I Love You…Me. Love Part II

I have known love, faked love, been confused by love, made love up, forced love, run from love, and controlled-well tried to control-love. I have watched love morph and seen love grow. I have watched it die. I have been hurt by love, been healed by love, discovered parts of myself through love, been stranded by love, driven to love and driven by love. I have been abandoned by love.

I have loved and been loved.

I have searched endlessly for love, for connection. And I have loved outwardly on every level in every way.

I do not love myself.

I know that my Odyssey, as cliche as it is, is the search for true love. My battles have been fought through attaching myself to outward love as a means to find inner acceptance; true, compassionate love for myself. And I have to, at least, recognize that I am a brave and valiant fighter, determined to succeed in creating love or die trying. But I do wonder if maybe I’ve been fighting the wrong battles, creating demons instead of following my heart. Have I been fighting myself as a means to love myself? Have I missed that love is grace and not earned through punishment, but granted by the miracle that we’re here at all?

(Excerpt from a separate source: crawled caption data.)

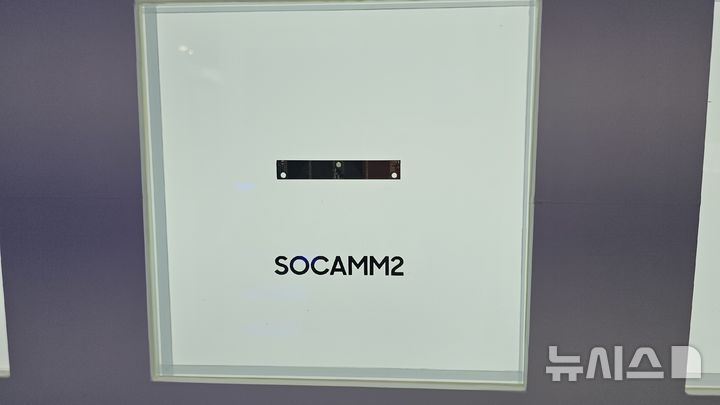 [서울=뉴시스]삼성전자는 22일 서울 코엑스에서 개막한 한국반도체산업협회 주최 'SEDEX 2025(제27회 반도체대전)'에 참석해 최신 고대역폭메모리인 'HBM4'와 차세대 서버용 저전력 D램 '소캠(SOCAMM2)' 등을 전시했다. photo@newsis.com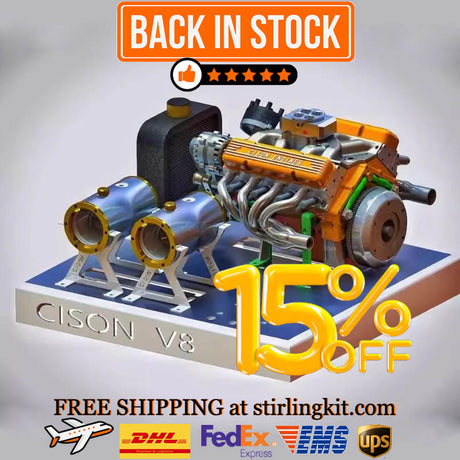 Cison V8 Engine Kits V8-440 with Metal Base Full Set 44cc - stirlingkit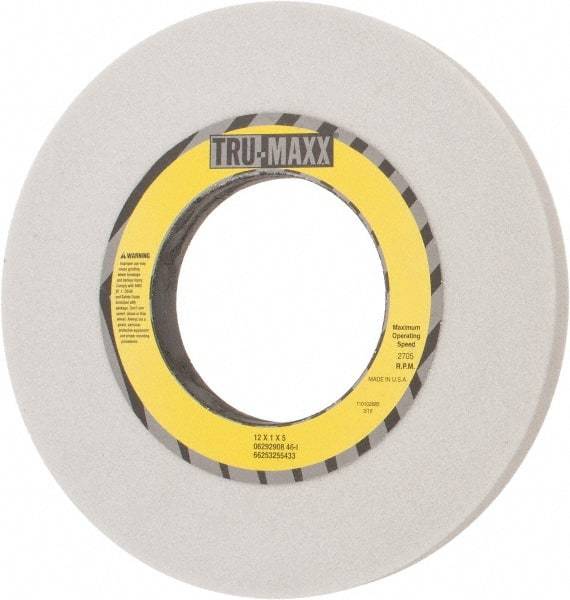 Tru-Maxx - 12" Diam x 5" Hole x 1" Thick, I Hardness, 46 Grit Surface Grinding Wheel - Aluminum Oxide, Type 1, Coarse Grade, 2,705 Max RPM, Vitrified Bond, No Recess - Exact Tool & Supply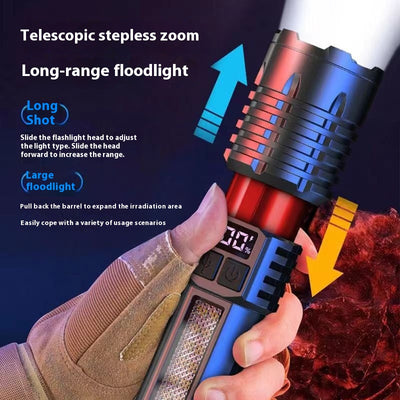 Linterna Táctica Recargable con Zoom y Láser Blanco para Patrullaje - Image 3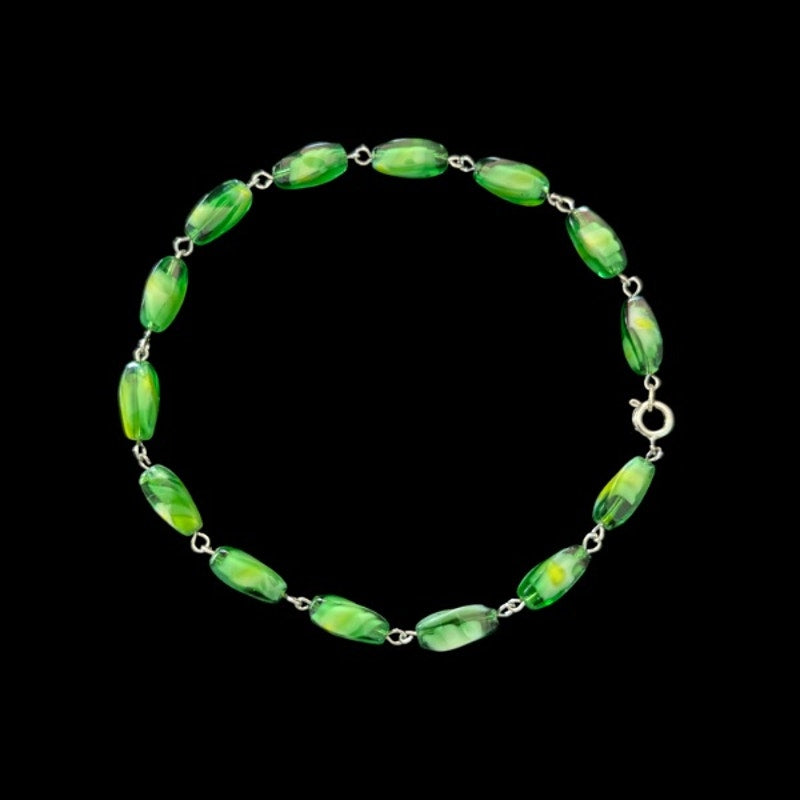 Marbled Green Sea Glass Beaded Chain Anklet (XL)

Either way, I have Don Quixoted my way through life long enough. As romantic as it is, I’m tired. So, I think I may, for once, try the path of least resistance. It goes against my very being, but insanity, as they say, is repeating behavior and expecting a different result. I may be stubborn and have dabbled in crazy, but I like to think I’m not hopeless. I’d like to think I can be taught to try something new, not just try again.

I don’t know how I came up with this. It’s probably the percolation of therapy and experience, knowing I can survive rock bottom, and the stability my little family gives me even through trauma. Whatever the culminating cause, one day I tried something new and it’s helping.

I confess that in my grief and fear I can be….well, judgy. The latest example of this is the frustration, borderline rage, I feel navigating the city streets. I swear to God, people, PAY ATTENTION!! It’s not that hard. Walk on the right side of the path, keep the flow of traffic going, and don’t be an ass hole. It’s not that hard.

When I first moved to Philly I loved walking through the crowds, being a part of the flow. Now? I hate it. All I see is people being idiots!

I hate that I do this. I hate the stress it causes. I hate the energy I waste on being angry. I hate how people don’t seem to care about each other.

Of course, this is just a simple projection of my inner fear and judgment. And I hate that too. So, I had to find a way to get from point A to point B without an angry anxiety attack.

I have been playing with the idea that we are all made of the same stuff. I have begun to take away the story, the narrative, and let it lie that we are all….well, stardust, I guess. That we are simply the same. I have stripped the complicated excuses away. I have always felt myself an outlier, I have never really felt apart of the “all”.  So through my life, I created a fairy tale where I was the outsider banging on the door of existence for entry. Since this basic shift in perspective, though, this acceptance that it’s not the actions that deserve love but just the insane fact that we all ended up here at all, I began a little experiment to try and ease the angst.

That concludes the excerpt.